» **Try it**
Pictures found in the material must be left out, and every line returned as written.

» **Source data**
##############################

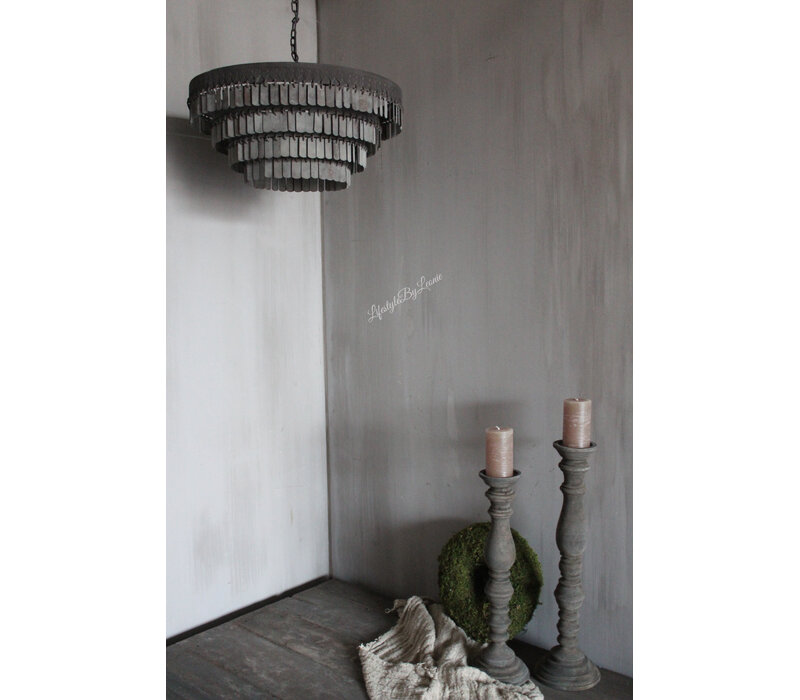 Metalen hanglamp Dhari round stripes 46 cm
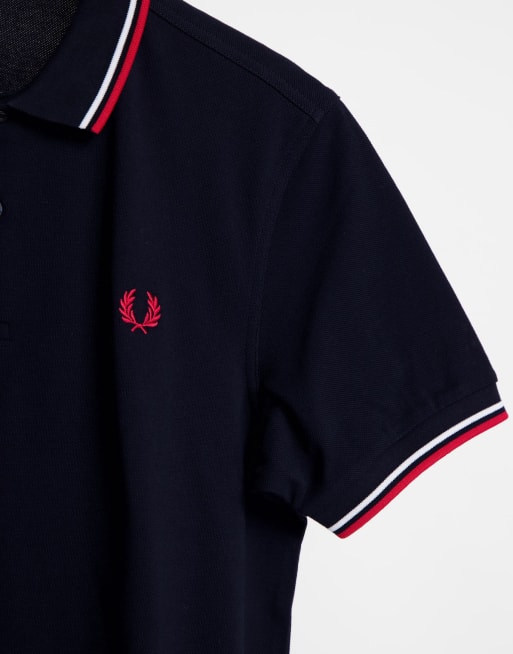 Fred Perry twin tipped logo polo in navy white red ASOS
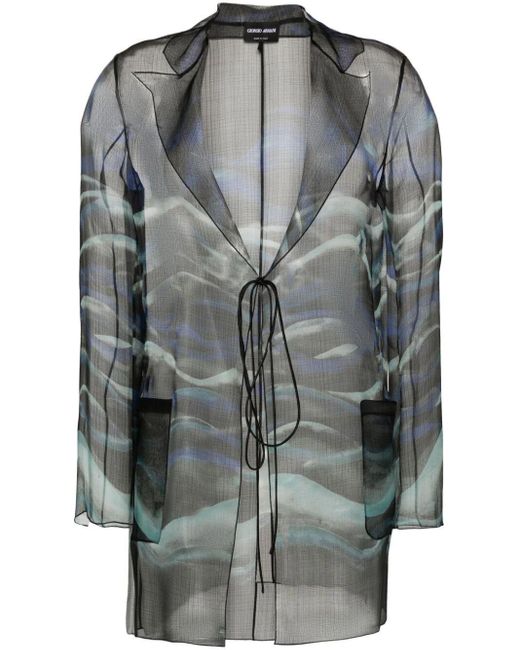 Giorgio Armani Gray Printed Jacket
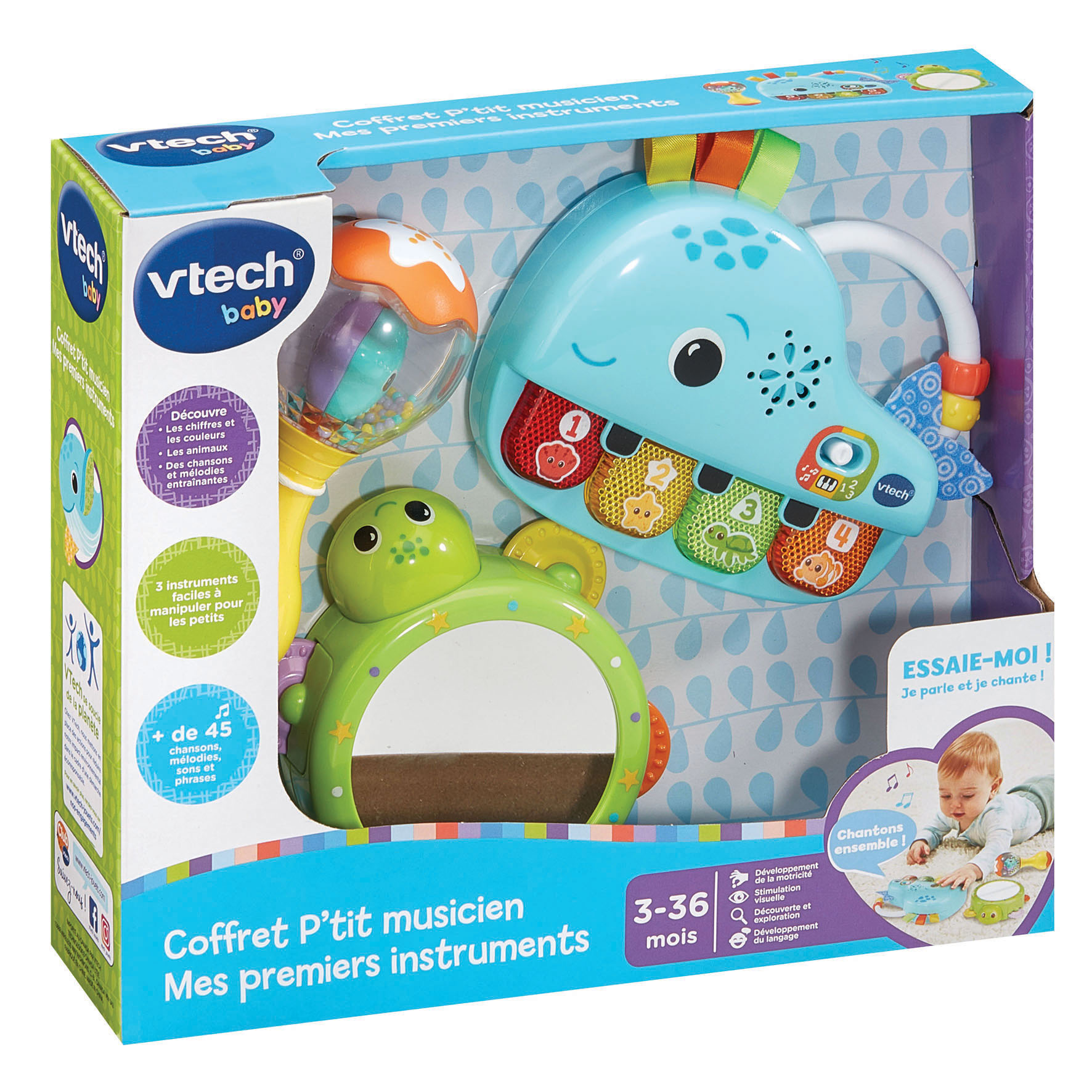 Voir la diapositive 6 : VTECH Coffret P'tit Musicien Mes premiers Instruments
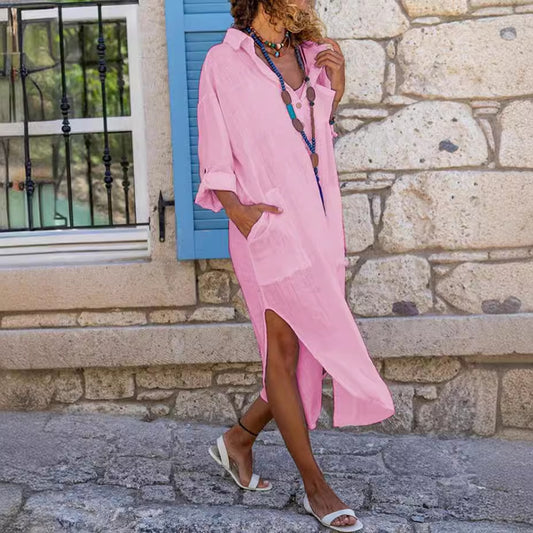 Women's Buttons Slit Loose Breathable Casual Shirt Dresses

##############################

» **Answer box**
 Metalen hanglamp Dhari round stripes 46 cm
 Fred Perry twin tipped logo polo in navy white red ASOS
 Giorgio Armani Gray Printed Jacket
 Voir la diapositive 6 : VTECH Coffret P'tit Musicien Mes premiers Instruments
 Women's Buttons Slit Loose Breathable Casual Shirt Dresses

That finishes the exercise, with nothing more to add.